Get Data - Best Practices


🕐 5 min read

In the WDC Gather Data Phase, it’s a best practice to insert data into the extract you create in manageable amounts. This is often called data chunking or paging and it can help improve performance and can keep the WDC from overloading Tableau, and can provide a better experience for end users because they can see regular progress indicators. This best practice is important when you’re working with large data sets.

Note: In Tableau 2019.4 and later, Web Data Connectors use Qt WebEngine as the internal browser. The version of the Qt WebEngine we currently use has a limitation in its data communication channel of approximately 128 MB. If your WDC appends more data than can be transmitted at one time, the WDC is created and initialized, but no data is added. To avoid this problem, be sure to insert your data in chunks that are less than 128 MB. For more information about this issue, see Troubleshoot WDC WebEngine Issues in Tableau 2019.4 and later.
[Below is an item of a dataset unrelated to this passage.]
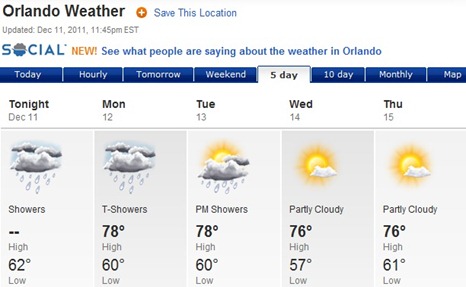 weather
This topic describes an approach that could be used to add data in chunks during the WDC Gather Data Phase.


In this section:


Append rows in the WDC Gather Data Phase

You might recall from the WDC lifecyle diagram shown in WDC Lifecyle and Phases, the WDC Gather Data Phase includes the call to getData, which is called once for each schema (or table). Within that getData function call, you can call table.appendRows as many times as you need to append data to the table that is created. The appendRows function allows you to insert your data in manageable chunks.

The diagram legend is as follows.

Determine how to split your data

How you determine the amount of data to append at a time depends upon the overall size of your data. If your data is large (over 128 MB, for example), you’ll need to break it down in to smaller chunks. If your data set is small, you might not need to chunk it at all.

The appendRows function has one parameter, which can be an array of arrays or an array of objects. A common way to split the data is by having the same number of rows in each chunk. Some rows may be larger in size than others, so you may have to iterate to find an appropriate number of rows.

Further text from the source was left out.